Use this endpoint to restore previously persisted indexes into memory for querying and updates.

Delete Index

To delete an entire index and all of its documents, use the /indexes/{index_name} API route. This endpoint accepts a DELETE request with the index name in the URL. Deleting an index is irreversible and will remove all associated documents from memory.

Request Example:

DELETE /indexes/rag_index
  • index_name: The name of the index to delete.

Response Example:

{
"message": "Successfully deleted index rag_index."
}

Use this endpoint to permanently remove an index and all its data when it is no longer needed.

Query Index

To query a specific index for relevant documents, use the /query API route.

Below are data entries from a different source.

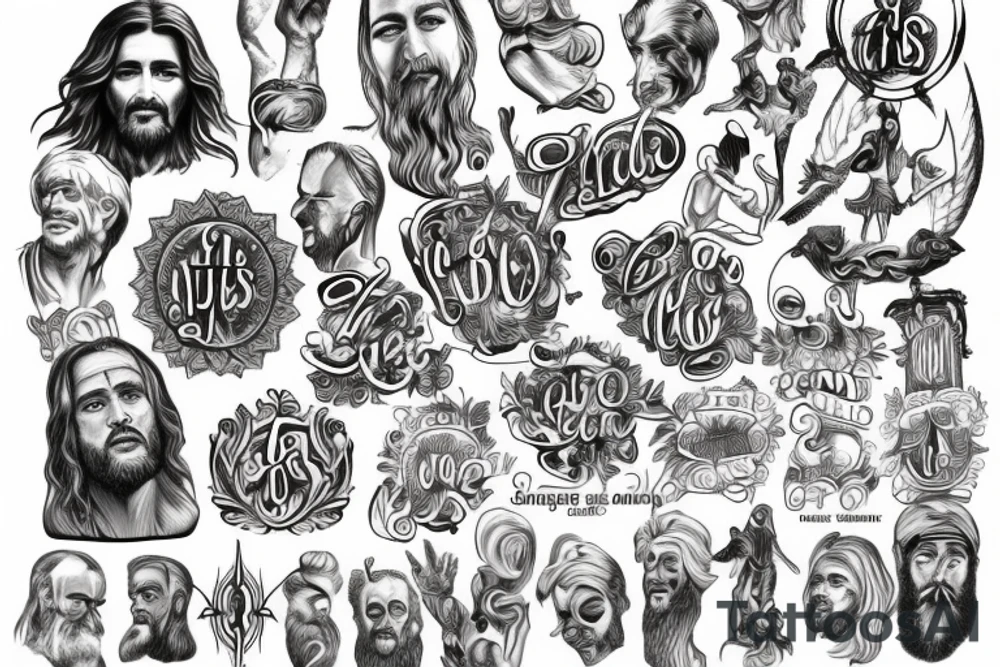 god is like jesus tattoo idea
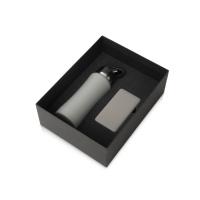 Подарочный набор с бутылкой для воды и повербанком С2, 10000 мА·ч, серый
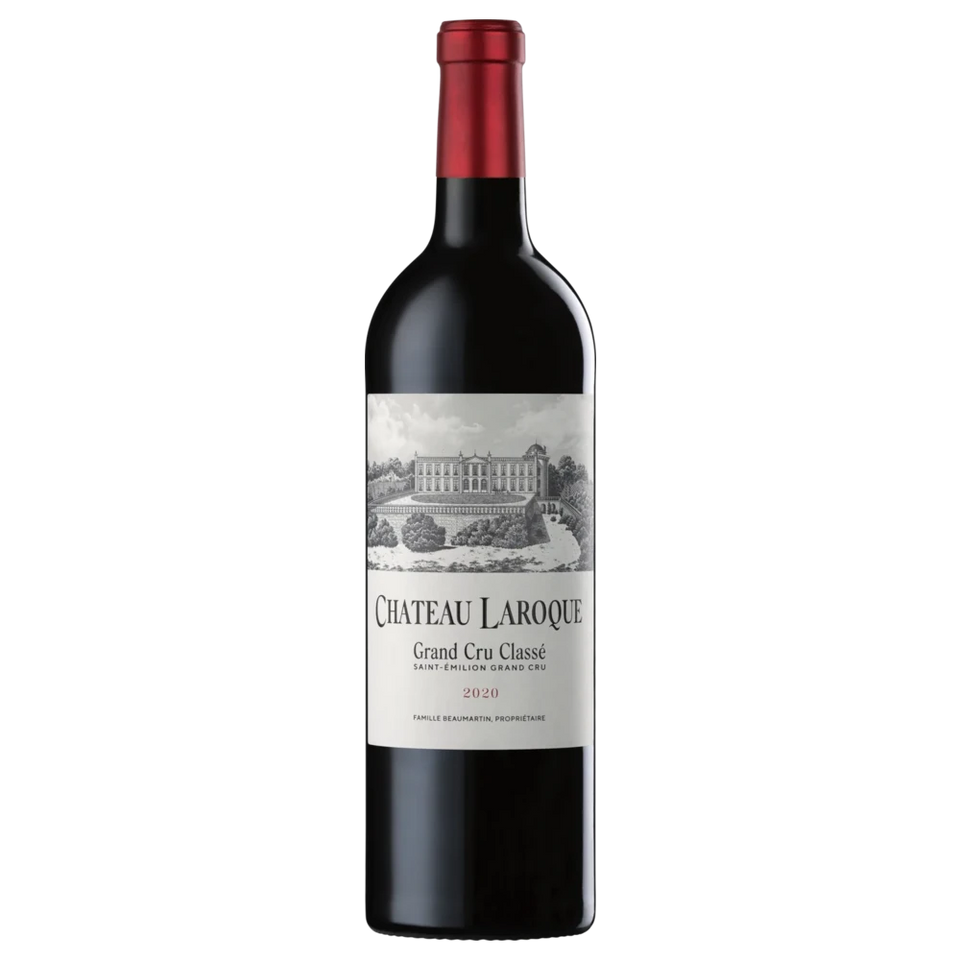 A bottle of 2022 Chateau Laroque 6000ml Red Wine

This endpoint accepts a POST request with the index name, query string, and optional parameters for result count, and LLM generation.

Request Example:

POST /query
{
"index_name": "rag_index",
"query": "What is RAG?",
"top_k": 5,
"llm_params": {
"temperature": 0.7,
"max_tokens": 2048
}
}
  • index_name: The name of the index to query.
  • query: The query string.
  • top_k: (optional) Number of top documents to retrieve (default: 5).
  • llm_params: (optional) Parameters for LLM-based generation (e.g., temperature, max_tokens).

Response Example:

{
"response": "Retrieval Augmented Generation (RAG) is an architecture that augments the capabilities of a Large Language Model...",
"source_nodes": [
{
"doc_id": "123456",
"node_id": "2853a565-8c1f-4982-acaa-a0ab52691435",
"text": "Retrieval Augmented Generation (RAG) is an architecture that augments the capabilities of a Large Language Model...",
"score": 0.95,
"metadata": {
"author": "Microsoft",
"source": "https://learn.microsoft.com/en-us/azure/search/retrieval-augmented-generation-overview?tabs=docs"
},
}
],
"metadata": {
"2853a565-8c1f-4982-acaa-a0ab52691435": {
"author": "Microsoft",
"source": "https://learn.microsoft.com/en-us/azure/search/retrieval-augmented-generation-overview?tabs=docs"
}
}
}
  • response: The generated answer or summary from the LLM (if enabled).
  • source_nodes: List of source nodes with their text, score, and metadata.
  • metadata: Additional metadata about the query or response.

Use this endpoint to retrieve relevant information from your indexed documents and optionally generate answers using an LLM.

Example Client

You can leverage the example_rag_client.py as a starting point for a rag client with inputs that match the route documentation above.